Imaginons que la population de nénuphars d’un étang double chaque jour et qu’il faille 30 jours pour qu’elle remplisse toute la surface et l’asphyxie. Au bout de combien de jours les nénuphars couvrent-ils la moitié de l’étang ? Et non, pas 15 jours mais bien 29 jours. Les plus matheux d’entre vous me diront que c’est évident, mais dites vous bien qu’au 27ème jour quand l’étang n’est couvert qu’à 1/8 et même le 28ème jour personne ne s’alarmera ou ne parviendra à convaincre que la crise est imminente. La crise environnementale actuelle relève de cette dynamique. Avant le 29ème jour, les Nicolas Hulot et autres vigies seront taxés d’être les Cassandre des temps modernes et personne ne les écoutera. Le jour où le drame sera évident, il sera trop tard.
Qu’il s’agisse d’environnement ou de finance, pour empêcher une nouvelle crise du même type, il faudrait réguler toutes les activités humaines conduisant à des processus exponentiels et les soumettre à un comité des sages.
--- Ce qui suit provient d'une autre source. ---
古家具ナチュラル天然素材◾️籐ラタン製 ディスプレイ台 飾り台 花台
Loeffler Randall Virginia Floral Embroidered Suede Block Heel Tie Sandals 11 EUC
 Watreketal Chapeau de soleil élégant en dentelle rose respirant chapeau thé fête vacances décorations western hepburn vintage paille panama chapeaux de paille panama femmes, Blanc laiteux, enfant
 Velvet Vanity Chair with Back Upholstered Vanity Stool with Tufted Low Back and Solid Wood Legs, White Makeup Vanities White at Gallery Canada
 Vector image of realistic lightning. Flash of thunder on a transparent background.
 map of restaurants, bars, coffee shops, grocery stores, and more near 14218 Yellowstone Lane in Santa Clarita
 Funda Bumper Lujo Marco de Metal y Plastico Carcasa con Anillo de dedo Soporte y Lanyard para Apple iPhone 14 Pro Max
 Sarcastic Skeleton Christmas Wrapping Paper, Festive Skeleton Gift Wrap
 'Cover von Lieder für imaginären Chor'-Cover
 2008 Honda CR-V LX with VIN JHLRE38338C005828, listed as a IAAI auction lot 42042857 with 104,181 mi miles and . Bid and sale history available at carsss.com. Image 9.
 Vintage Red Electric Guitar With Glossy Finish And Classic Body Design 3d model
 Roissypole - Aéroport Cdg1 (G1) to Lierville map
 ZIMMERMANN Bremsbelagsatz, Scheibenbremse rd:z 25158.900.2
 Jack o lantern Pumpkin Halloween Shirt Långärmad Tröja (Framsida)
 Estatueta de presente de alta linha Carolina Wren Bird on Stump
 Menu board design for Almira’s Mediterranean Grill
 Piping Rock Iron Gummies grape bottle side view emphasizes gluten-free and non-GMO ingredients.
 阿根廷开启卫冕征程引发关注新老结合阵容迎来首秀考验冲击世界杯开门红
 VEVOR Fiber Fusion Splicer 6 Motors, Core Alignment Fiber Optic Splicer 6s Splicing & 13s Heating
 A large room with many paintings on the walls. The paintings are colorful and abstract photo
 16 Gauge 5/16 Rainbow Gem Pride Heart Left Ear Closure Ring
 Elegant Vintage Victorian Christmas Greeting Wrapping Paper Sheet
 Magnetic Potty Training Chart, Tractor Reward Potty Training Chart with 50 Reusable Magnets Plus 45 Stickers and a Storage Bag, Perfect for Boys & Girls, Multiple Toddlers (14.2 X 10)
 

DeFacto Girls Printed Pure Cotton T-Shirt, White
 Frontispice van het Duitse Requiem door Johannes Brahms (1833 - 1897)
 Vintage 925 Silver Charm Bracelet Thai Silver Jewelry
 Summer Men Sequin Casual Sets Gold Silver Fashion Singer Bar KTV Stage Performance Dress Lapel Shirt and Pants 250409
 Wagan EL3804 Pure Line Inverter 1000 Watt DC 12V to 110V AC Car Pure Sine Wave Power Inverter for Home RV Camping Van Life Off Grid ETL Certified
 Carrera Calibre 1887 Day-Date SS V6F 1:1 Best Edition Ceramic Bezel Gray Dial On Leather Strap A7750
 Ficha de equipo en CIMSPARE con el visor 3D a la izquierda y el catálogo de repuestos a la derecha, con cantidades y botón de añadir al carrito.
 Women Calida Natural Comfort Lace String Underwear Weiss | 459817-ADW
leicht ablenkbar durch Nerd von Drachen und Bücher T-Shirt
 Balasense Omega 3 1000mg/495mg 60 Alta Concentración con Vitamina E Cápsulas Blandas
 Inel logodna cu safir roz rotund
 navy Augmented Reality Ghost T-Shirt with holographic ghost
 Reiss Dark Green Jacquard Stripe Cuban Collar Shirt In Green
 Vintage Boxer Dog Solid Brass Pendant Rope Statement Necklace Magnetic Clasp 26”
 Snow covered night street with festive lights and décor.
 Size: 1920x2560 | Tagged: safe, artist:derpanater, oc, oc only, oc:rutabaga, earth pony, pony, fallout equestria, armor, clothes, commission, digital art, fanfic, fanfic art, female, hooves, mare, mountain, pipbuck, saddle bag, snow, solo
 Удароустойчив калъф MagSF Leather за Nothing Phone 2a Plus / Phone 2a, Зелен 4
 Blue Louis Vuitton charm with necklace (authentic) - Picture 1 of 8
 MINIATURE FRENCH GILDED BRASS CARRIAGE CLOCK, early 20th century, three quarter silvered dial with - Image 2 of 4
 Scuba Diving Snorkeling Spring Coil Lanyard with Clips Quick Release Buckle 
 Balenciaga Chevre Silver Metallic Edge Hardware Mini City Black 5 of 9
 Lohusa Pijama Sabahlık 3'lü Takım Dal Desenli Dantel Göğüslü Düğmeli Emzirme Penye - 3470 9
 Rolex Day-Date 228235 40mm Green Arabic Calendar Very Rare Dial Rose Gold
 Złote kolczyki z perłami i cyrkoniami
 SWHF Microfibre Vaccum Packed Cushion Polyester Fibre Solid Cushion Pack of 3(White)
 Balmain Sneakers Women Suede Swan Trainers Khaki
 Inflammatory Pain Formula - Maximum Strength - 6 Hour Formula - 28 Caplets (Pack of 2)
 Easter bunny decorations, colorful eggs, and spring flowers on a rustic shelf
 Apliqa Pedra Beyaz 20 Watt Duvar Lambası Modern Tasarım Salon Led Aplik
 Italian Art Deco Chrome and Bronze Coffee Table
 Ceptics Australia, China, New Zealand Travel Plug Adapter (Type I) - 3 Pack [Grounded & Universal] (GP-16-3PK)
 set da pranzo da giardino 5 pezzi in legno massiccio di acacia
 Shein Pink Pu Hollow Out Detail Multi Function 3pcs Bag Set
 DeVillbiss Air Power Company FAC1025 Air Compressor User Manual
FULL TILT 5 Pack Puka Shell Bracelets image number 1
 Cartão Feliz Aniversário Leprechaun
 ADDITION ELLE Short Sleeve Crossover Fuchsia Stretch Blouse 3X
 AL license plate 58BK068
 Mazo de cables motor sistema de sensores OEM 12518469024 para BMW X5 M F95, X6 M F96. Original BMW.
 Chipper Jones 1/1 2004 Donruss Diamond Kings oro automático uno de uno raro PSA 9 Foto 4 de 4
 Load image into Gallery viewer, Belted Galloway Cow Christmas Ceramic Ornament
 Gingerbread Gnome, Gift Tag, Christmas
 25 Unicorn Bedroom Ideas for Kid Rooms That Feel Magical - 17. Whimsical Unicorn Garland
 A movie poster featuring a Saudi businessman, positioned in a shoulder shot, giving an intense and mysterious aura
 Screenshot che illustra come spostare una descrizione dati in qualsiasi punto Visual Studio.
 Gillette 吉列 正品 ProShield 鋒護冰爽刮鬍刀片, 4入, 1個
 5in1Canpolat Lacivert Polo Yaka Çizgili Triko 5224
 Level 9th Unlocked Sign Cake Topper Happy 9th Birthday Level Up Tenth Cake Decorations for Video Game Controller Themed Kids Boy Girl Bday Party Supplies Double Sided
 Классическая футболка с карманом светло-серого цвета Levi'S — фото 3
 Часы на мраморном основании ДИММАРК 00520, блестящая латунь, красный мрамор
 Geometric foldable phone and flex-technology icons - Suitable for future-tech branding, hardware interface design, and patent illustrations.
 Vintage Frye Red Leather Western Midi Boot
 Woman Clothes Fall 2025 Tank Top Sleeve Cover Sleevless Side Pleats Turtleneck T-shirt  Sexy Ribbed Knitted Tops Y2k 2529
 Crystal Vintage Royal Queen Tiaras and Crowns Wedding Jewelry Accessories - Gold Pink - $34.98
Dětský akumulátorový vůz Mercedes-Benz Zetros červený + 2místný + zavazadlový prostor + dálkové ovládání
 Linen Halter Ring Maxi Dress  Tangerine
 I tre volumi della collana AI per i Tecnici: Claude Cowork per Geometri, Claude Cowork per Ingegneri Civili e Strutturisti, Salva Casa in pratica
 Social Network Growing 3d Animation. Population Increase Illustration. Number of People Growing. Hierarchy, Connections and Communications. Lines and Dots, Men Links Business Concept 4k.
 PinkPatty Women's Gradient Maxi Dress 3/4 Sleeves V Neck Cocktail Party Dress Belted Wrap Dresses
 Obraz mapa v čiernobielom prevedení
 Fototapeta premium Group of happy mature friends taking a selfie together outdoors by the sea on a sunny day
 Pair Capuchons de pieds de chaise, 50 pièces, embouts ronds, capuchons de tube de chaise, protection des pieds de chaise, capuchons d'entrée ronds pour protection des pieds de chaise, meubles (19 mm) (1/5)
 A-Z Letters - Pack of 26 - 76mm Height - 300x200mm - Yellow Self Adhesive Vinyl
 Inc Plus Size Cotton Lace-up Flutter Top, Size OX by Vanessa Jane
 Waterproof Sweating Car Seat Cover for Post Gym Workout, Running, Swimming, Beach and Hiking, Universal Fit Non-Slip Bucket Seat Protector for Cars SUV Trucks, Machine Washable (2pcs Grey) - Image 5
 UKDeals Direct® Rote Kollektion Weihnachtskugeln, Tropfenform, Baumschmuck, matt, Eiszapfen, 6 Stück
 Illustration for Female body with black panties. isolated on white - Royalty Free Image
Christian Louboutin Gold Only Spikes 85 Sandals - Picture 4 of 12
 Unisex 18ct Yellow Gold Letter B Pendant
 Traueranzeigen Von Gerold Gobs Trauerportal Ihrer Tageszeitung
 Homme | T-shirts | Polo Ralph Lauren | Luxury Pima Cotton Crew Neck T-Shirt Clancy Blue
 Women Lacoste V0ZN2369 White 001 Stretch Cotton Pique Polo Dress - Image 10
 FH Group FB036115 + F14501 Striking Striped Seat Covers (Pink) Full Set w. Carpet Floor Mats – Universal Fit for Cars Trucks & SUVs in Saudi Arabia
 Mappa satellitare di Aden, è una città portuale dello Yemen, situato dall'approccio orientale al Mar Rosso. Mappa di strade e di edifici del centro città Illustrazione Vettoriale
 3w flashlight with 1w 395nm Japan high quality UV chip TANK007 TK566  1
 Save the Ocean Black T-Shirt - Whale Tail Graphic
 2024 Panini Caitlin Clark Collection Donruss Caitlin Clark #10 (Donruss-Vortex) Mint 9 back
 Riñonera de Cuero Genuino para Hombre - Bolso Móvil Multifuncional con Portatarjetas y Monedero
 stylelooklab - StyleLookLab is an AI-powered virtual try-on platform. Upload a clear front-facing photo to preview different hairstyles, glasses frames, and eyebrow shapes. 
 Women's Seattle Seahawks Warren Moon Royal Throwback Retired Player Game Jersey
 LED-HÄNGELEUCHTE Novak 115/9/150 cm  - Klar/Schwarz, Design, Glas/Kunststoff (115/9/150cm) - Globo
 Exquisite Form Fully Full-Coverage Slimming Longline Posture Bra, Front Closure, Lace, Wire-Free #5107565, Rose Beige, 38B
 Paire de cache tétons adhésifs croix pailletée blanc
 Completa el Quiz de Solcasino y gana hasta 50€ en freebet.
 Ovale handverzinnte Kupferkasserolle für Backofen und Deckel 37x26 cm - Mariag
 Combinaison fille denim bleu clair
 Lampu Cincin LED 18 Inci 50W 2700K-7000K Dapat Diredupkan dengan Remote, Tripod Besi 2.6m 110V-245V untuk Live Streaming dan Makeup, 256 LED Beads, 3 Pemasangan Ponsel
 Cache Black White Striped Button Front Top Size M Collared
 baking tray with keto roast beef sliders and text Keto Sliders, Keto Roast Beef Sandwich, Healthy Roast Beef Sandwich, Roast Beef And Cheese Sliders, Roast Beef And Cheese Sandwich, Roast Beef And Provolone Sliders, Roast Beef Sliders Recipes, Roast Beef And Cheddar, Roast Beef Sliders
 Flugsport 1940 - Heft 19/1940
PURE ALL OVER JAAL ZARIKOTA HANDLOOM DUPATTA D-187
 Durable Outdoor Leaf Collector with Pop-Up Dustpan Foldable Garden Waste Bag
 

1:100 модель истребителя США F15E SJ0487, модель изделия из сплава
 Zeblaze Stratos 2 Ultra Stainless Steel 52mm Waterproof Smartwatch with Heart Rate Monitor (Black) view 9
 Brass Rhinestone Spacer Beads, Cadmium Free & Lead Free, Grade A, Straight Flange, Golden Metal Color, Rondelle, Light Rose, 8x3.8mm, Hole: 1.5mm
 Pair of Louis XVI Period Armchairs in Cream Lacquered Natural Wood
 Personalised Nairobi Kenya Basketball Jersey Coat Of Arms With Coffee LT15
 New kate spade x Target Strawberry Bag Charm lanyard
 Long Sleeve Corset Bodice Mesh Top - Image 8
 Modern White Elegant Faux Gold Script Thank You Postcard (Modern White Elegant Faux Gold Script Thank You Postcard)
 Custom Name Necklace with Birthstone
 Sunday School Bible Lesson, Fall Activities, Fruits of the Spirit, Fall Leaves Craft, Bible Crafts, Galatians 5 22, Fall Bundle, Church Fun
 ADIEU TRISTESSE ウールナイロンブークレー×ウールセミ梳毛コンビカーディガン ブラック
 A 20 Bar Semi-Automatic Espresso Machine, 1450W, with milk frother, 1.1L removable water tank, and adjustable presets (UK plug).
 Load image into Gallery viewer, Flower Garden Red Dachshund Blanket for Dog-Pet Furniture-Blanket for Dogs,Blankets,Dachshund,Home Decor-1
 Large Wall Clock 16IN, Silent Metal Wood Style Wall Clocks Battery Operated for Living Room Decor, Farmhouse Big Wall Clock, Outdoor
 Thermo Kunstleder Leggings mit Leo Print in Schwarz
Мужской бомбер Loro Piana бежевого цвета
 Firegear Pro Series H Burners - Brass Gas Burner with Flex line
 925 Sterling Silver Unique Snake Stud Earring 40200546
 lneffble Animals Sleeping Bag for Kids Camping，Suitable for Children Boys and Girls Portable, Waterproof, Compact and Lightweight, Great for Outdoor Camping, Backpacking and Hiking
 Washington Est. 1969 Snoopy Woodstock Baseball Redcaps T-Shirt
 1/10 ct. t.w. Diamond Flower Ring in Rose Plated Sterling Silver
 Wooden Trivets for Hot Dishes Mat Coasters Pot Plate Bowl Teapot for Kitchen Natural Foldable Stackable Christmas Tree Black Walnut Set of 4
Par exemple un comité qui évaluerait l’impact de telles décisions sur 7 générations, comme le faisaient les Indiens.
En résumé, pour ne pas recommencer, il faut que l’Humanité apprenne à se comporter dans un monde fini, et il faudrait que la crise s'aggrave pour que les gouvernements propose un autre mode de société (pour l'instant ils injectent juste de l'argent pour que le monde tel qu'il était puisse continuer) où l'argent ne serait plus la seule finalité du travail pour les gens les plus riches (donc les plus puissants).
Méditons ces quelques phrases de Saint Exupéry dans Terre des Hommes : "La grandeur d'un métier est peut-être, avant tout, d'unir des hommes : il n'est qu'un luxe véritable, et c'est celui des relations humaines. En travaillant pour les seuls biens matériels, nous bâtissons nous-mêmes notre prison. Nous nous enfermons solitaires, avec notre monnaie de cendre qui ne procure rien qui vaille de vivre. Si je cherche dans mes souvenirs ceux qui m'ont laissé un goût durable, si je fais le bilan des heures qui ont compté, à coup sûr je retrouve celles que nulle fortune ne m'eût procurées. On n'achète pas l'amitié d'un Mermoz, d'un compagnon de vol que les épreuves vécues ensemble ont lié à nous pour toujours".
Il y aurait dix milles autres choses à dire sur la crise actuelle et sur ls travers psychologiques et sociologiques qui l’ont provoqué. Dans un prochain post, je vous parlerai du déni et de l’aveuglement au désastre.